Good morning my beloved companions at plotly dash community:
I am currently working on a comprehensive dashboard for statistics on Saudi Arabia, I would like to draw a map of Saudi Arabia to study population growth trends as well as I want to add an interactivity to this map in a such way that whenever I drag a city from that map into a graph it instantly draws a plot line chart , bar chart and so on based on a drop down menu any way I have seen this in your dash gallery concerning a dashboard called US poison induced death I do wonder how can I achieve this effect on my project by just dragging any state in Saudi Arabia to get a graph drawn instantly?
Please help me with your suggestions and ideas
With best regard @adamschroeder
BAHAGEEL
Hi @Bahageel88 ,
you could plot the cities as markers and on marker click (instead of drag&drop) display the information you want. I did this here:
Ok thank you brother for your suggestion I will have a look at it
but If you could just help me with the drag and drop effect cos I want the same effect on the attached dashboard picture
With best regards
This is not a built in feature of plotly. You would need to create it yourself via javascript.
What are you refering to with this?
I will figure out how to do it with pure Python
With best regards
hi @Bahageel88 the drag and drop feature is not an easy thing to accomplish inside a Dash app with just Python. Is that a really important feature for you? Or can you do it with the dropdown? maybe you do it so when a user clicks on a city in the bar chart or line chart, it updates the map.
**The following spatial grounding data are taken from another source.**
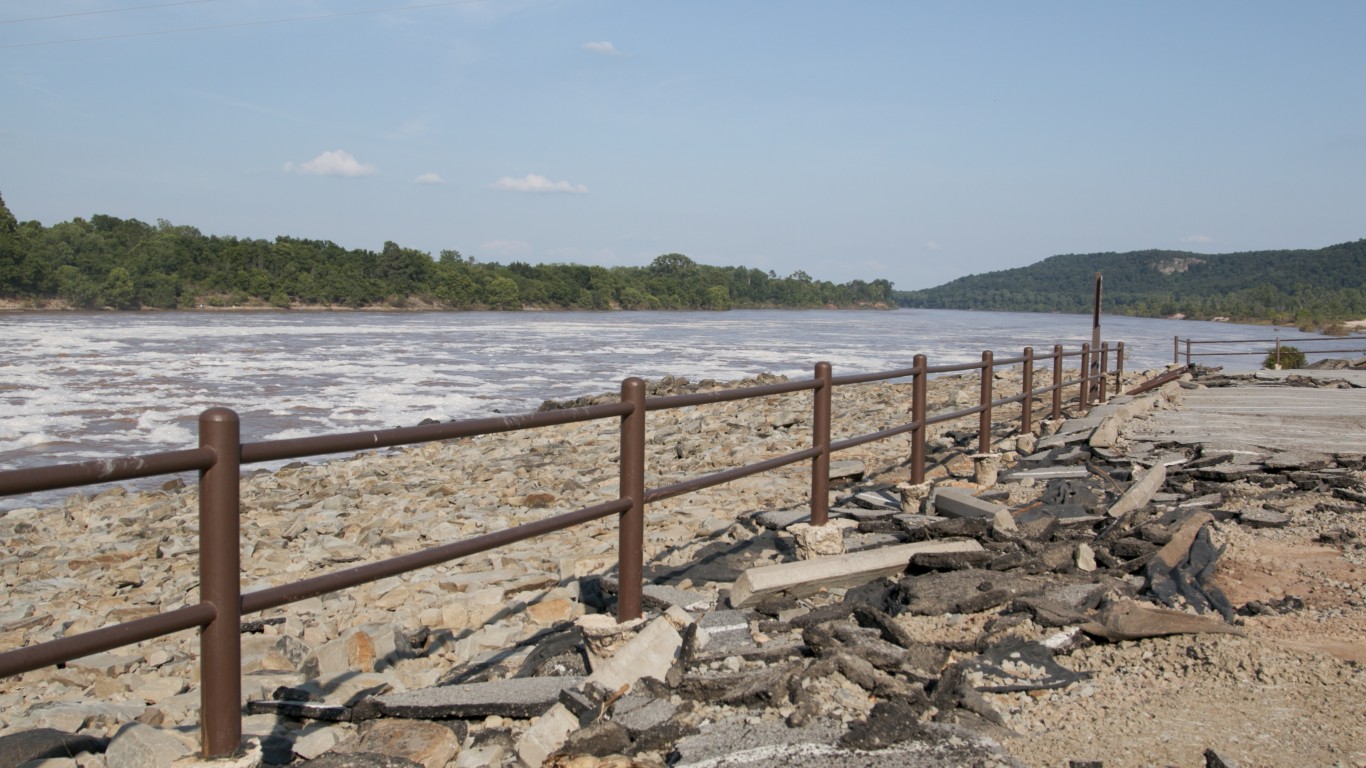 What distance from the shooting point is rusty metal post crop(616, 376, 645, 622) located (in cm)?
423

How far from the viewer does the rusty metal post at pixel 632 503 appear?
13.9 feet

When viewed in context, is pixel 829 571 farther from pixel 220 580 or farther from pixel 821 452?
pixel 220 580

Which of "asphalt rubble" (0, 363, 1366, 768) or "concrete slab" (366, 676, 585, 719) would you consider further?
"concrete slab" (366, 676, 585, 719)

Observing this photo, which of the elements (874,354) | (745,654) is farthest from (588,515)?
(874,354)

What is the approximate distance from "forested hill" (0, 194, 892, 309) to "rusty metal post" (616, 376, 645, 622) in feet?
353

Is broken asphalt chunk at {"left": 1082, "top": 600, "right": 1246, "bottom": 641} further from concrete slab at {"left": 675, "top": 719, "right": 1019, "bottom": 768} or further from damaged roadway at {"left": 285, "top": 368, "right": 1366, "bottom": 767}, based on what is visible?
concrete slab at {"left": 675, "top": 719, "right": 1019, "bottom": 768}

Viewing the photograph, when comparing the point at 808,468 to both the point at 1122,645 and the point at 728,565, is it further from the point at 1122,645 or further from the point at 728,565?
the point at 1122,645

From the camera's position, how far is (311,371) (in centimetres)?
3183

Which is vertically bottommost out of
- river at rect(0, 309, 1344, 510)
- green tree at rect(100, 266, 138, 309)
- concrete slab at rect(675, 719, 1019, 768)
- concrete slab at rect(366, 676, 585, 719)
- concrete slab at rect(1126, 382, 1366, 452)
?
river at rect(0, 309, 1344, 510)

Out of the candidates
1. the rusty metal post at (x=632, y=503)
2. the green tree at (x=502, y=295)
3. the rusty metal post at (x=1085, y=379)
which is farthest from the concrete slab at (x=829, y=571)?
the green tree at (x=502, y=295)

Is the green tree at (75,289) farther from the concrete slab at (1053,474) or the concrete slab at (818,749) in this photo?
the concrete slab at (818,749)

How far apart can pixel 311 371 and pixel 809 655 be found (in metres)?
30.5

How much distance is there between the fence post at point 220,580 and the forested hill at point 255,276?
355 feet

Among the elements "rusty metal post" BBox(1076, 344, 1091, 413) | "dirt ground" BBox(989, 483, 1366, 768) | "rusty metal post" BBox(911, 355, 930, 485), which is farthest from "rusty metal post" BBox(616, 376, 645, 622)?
"rusty metal post" BBox(1076, 344, 1091, 413) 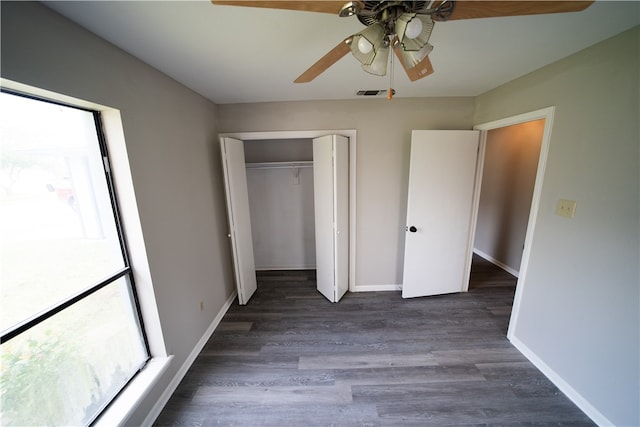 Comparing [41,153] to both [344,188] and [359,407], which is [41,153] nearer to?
[344,188]

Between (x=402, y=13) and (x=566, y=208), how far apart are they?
1748 mm

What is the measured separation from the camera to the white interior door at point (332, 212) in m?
2.27

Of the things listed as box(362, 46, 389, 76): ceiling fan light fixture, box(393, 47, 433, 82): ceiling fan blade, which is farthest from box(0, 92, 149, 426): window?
box(393, 47, 433, 82): ceiling fan blade

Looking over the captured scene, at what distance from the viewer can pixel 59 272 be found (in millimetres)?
1063

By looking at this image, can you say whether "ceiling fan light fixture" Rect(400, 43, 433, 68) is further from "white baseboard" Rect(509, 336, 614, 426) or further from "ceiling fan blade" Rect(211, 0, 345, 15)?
"white baseboard" Rect(509, 336, 614, 426)

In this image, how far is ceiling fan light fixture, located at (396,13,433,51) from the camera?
0.79 meters

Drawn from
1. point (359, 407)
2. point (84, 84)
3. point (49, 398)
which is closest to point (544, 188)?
point (359, 407)

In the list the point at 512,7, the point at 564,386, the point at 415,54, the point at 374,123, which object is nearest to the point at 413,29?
the point at 415,54

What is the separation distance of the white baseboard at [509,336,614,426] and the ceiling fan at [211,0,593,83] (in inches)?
88.4

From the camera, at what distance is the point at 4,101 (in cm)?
89

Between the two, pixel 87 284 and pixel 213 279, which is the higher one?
pixel 87 284

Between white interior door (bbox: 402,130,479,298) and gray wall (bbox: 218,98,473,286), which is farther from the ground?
gray wall (bbox: 218,98,473,286)

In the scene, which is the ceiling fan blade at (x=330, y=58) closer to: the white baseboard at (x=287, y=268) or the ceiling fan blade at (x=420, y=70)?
the ceiling fan blade at (x=420, y=70)

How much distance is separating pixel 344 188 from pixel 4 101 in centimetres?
224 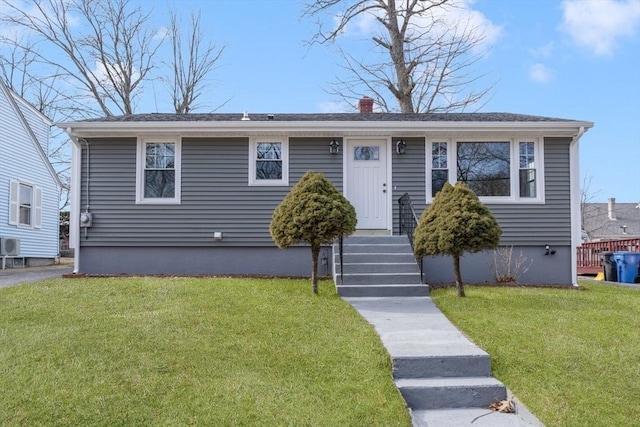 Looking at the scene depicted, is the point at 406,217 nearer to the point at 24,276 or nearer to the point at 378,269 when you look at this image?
the point at 378,269

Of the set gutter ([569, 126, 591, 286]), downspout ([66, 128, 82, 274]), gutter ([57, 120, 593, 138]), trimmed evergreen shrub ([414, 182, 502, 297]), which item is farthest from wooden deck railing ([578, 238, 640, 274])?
downspout ([66, 128, 82, 274])

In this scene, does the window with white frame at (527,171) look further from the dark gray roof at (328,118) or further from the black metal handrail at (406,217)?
the black metal handrail at (406,217)

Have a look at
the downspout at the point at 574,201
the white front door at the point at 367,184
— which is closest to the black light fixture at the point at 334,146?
the white front door at the point at 367,184

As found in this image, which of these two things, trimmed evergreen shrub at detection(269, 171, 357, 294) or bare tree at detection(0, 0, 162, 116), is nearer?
trimmed evergreen shrub at detection(269, 171, 357, 294)

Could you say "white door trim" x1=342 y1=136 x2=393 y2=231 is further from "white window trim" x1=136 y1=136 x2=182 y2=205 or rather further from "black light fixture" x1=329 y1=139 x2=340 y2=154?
"white window trim" x1=136 y1=136 x2=182 y2=205

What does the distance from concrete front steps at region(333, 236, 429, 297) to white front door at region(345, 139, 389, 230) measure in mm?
831

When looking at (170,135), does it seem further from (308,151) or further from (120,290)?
(120,290)

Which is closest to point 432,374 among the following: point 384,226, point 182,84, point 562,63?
point 384,226

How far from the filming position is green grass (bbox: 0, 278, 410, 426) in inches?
144

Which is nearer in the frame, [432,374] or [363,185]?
[432,374]

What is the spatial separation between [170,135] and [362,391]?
768cm

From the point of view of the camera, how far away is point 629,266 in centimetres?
1255

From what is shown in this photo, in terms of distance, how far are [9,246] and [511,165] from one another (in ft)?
45.8

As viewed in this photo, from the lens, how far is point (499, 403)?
4195 mm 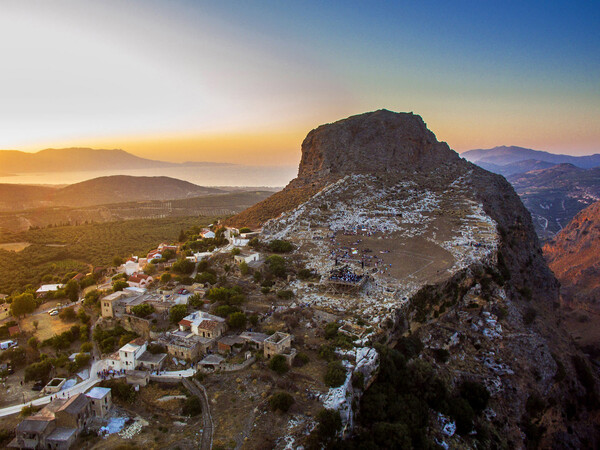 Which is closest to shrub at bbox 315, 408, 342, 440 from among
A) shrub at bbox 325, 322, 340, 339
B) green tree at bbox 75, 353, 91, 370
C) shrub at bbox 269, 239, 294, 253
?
shrub at bbox 325, 322, 340, 339

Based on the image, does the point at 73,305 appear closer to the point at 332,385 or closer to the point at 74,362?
the point at 74,362

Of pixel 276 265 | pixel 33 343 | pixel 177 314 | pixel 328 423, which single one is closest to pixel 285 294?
pixel 276 265

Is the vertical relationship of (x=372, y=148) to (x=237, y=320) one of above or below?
above

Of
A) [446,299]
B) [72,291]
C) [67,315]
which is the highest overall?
[446,299]

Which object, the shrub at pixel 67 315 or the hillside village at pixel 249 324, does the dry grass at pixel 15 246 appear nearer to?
the hillside village at pixel 249 324

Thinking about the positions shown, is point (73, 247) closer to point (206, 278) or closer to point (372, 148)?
point (206, 278)

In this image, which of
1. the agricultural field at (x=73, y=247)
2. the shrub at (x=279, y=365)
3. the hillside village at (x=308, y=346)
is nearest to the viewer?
the hillside village at (x=308, y=346)

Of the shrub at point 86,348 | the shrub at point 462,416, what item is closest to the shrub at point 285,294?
the shrub at point 462,416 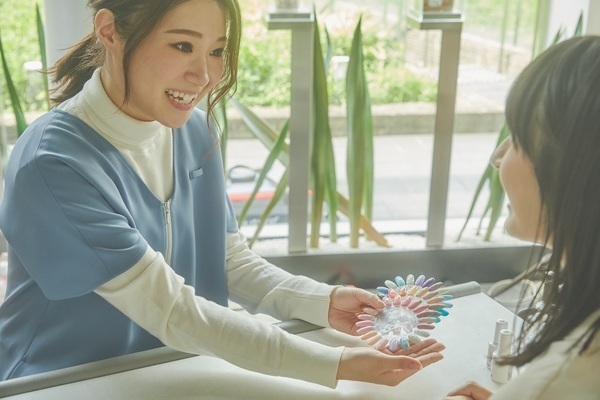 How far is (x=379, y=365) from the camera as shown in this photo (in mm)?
1214

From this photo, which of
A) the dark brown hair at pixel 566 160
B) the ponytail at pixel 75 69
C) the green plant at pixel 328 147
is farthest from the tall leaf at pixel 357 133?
the dark brown hair at pixel 566 160

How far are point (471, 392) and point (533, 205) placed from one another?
0.32 m

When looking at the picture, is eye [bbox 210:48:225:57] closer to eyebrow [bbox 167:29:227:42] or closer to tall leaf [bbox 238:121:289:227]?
eyebrow [bbox 167:29:227:42]

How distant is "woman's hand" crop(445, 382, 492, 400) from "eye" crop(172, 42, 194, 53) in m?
0.70

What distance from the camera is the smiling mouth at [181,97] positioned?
143cm

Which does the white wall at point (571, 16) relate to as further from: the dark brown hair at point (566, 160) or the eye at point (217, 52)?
the dark brown hair at point (566, 160)

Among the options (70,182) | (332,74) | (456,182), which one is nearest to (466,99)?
(456,182)

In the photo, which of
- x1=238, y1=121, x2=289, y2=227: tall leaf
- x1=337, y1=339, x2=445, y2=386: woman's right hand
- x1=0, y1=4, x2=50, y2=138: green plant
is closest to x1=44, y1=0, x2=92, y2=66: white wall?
x1=0, y1=4, x2=50, y2=138: green plant

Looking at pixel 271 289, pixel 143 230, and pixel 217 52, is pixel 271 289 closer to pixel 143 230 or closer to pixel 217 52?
pixel 143 230

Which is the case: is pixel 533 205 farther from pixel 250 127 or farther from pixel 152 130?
pixel 250 127

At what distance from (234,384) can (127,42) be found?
1.91 ft

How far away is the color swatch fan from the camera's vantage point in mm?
1296

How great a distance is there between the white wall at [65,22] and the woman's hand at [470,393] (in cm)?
172

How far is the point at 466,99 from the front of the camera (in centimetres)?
333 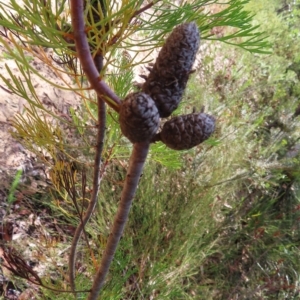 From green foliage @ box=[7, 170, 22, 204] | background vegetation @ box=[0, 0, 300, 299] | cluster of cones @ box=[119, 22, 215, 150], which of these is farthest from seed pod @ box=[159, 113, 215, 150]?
green foliage @ box=[7, 170, 22, 204]

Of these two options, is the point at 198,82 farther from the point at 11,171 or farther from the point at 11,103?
the point at 11,171

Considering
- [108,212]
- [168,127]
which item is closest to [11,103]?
[108,212]

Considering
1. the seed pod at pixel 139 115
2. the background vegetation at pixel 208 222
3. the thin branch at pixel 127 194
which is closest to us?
the seed pod at pixel 139 115

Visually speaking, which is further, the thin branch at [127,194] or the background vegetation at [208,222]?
the background vegetation at [208,222]

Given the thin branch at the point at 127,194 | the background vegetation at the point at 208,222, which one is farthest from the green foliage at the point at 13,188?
the thin branch at the point at 127,194

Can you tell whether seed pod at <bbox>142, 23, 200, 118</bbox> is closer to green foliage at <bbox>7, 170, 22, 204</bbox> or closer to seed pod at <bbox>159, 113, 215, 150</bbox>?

Or the opposite way around…
Hi Adam
Exactly I want to click on the area on the map and consequently the line chart gets updated can I accomplish this one ? Cos I found someone who made it with pure Python I will you the repository Adam
Here is the repository where someone just did accomplish drag and drop with Python
https://github.com/plotly/dash-sample-apps/blob/main/apps/dash-opioid-epidemic/app.py
And the dashboard is available on dash gallery
Have a look at it and explain for me what he did
With best regards
Hello @Bahageel88,
That isnt drag and drop, that is selectedData.
Just use the selectedData prop as an input.
Hi @jinnyzorYes I confused the term however I want to accomplish the same effect with slight modifications
Would you please elaborate on how he built the call back in this situation using selectedData prop as input?
With best regards
Here is how the interaction works for the callback:
@app.callback(
Output("selected-data", "figure"),
[
Input("county-choropleth", "selectedData"),
Input("chart-dropdown", "value"),
Input("years-slider", "value"),
],
)
def display_selected_data(selectedData, chart_dropdown, year):
if selectedData is None:
Using an input mechanism similar to that will get you to show the selected data’s information.
Obviously the call back has three inputs simultaneously, selectedData ,the drop down and the year slider this is precisely what I want to achieve
Final question though
How does the selectedData as input work ? Because I understand slider and drop down are dcc components but what about selectedData?
With kind regards
Here, check out here:
Thank you very much indeed
This is really astonishing
I will check it out
Thank you again my beloved teachers
With best regards
In the past I used below code to return new chart when click on map. Hope this help:
@callback(Output('div_1', 'children'),
[Input('map_1', 'clickData'),
Input('store_data', 'data'),
Input(ThemeChangerAIO.ids.radio("theme"), "value")])
def update_bar_chart(clickdata,store_data,theme):
if clickdata:
points = clickdata['points'][0]['location']
dff_z = dff[dff['county_fips'] == points]
dff_z_1 = dff_z.pivot_table(values='sale_dollars',
index=['store_name'],
aggfunc=np.sum).reset_index()
dff_z_1 = dff_z_1.sort_values(['sale_dollars'], ascending=[False]).head(30)
fig = px.bar(dff_z_1,x='sale_dollars',y='store_name',orientation='h')
fig.update_traces(marker_color='rgba(50, 171, 96, 0.6)',
marker_line_color='rgba(50, 171, 96, 1.0)',
marker_line_width=0.5)
fig.update_layout(template=template_from_url(theme), margin=dict(l=0, r=0, t=0, b=0),yaxis_title=None, xaxis_title=None)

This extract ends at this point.